Several methods and apparatus have been developed for the production of three-dimensional objects by irradiating photopolymer layer upon layer. To provide adequate accuracy of the side surfaces of the objects, the layers must be thin and, hence, in many cases hundreds and thousands of layers of liquid photopolymer must be deposited and irradiated to form an object. In addition, these processes must be fast to assure required productivity. Unfortunately, polymer liquids are quite viscous and their deposition in thin layers by liquid flow can take significant time. Furthermore, distortion during photopolymer solidification has to be minimized.

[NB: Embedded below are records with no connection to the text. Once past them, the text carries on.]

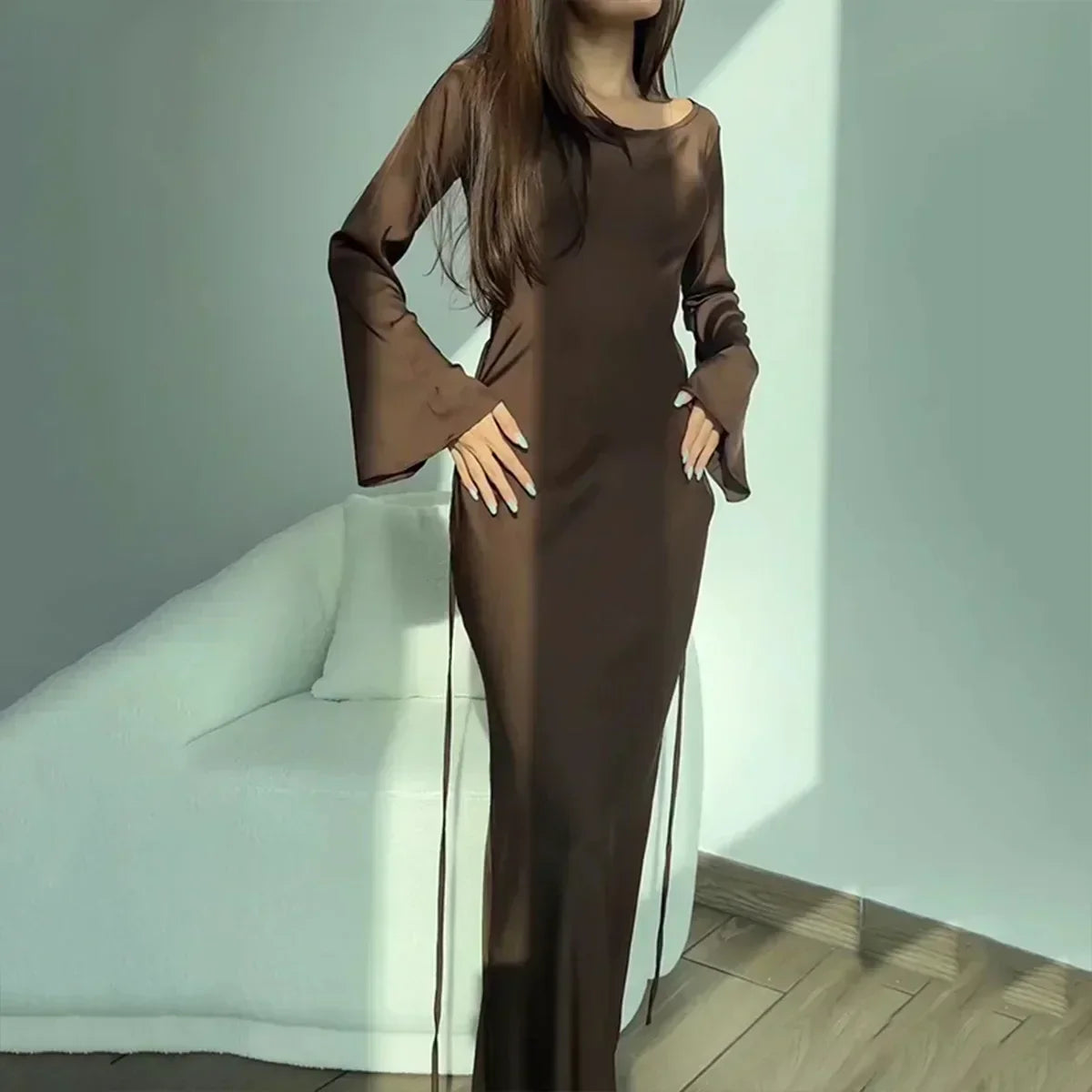 Braunes Maxikleid mit langen Ärmeln, elegantes Design, Damenmode, Herbstkleidung.
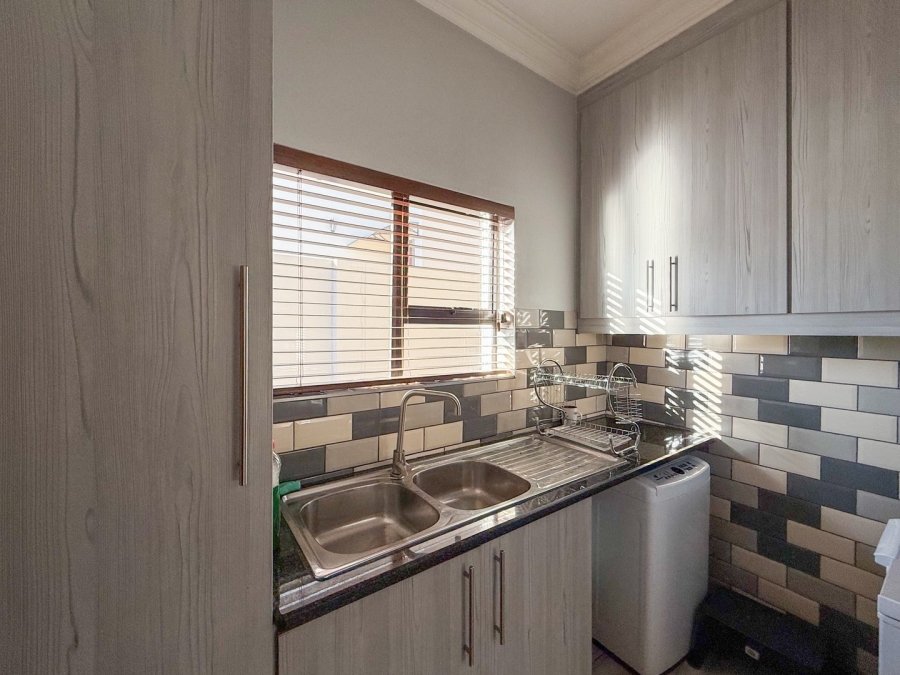 3 Bedroom Property for Sale in Melodie North West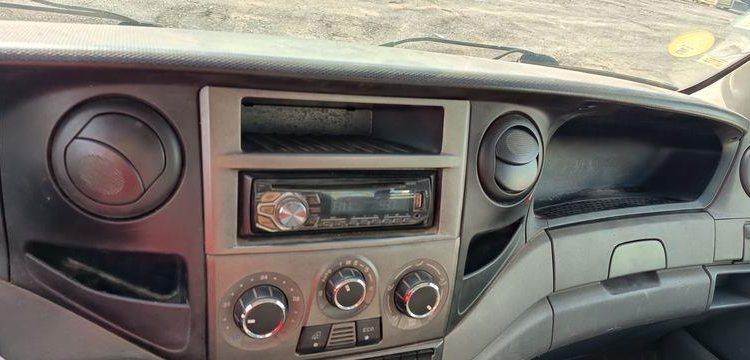IVECO 35C13 BENNE SIMPLE CABINE COFFRE  DE-027-FW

Forming each layer point by point by irradiation of an open photopolymer surface using a laser as disclosed in U.S. Pat. No. 4,575,330 can be slow and inaccurate due to irradiation by the scanning of a single point at a time, because irradiated polymer is not constrained and warps during irradiation, and since free flow of polymer is used for deposition. The method and apparatus disclosed in my U.S. Pat. No. 4,752,498 for forming whole layers of any size simultaneously while the layer is constrained is free of these drawbacks and provides much higher production rates and accuracy. However, simplification of the apparatus and further improvements in speed and accuracy of fabrication are desirable.
With most known methods, objects are formed in a container filled with a liquid polymer which precludes full cure due to accompanying distortion of underlying preceding layers, and hence necessitates additional cure after the object is formed, as well as the building of supports for overhangs since they are not strong enough to support themselves in the liquid. Postcuring often brings distortion not only through polymer shrinkage but also through warpage which is especially severe in asymmetrical and thin-wall objects.
The formation of objects in containers of liquid makes it difficult to vary polymer material from layer to layer as is required for such objects as aircraft-automobile instrument panels that incorporate several materials with different mechanical, electrical, optical, etc. properties.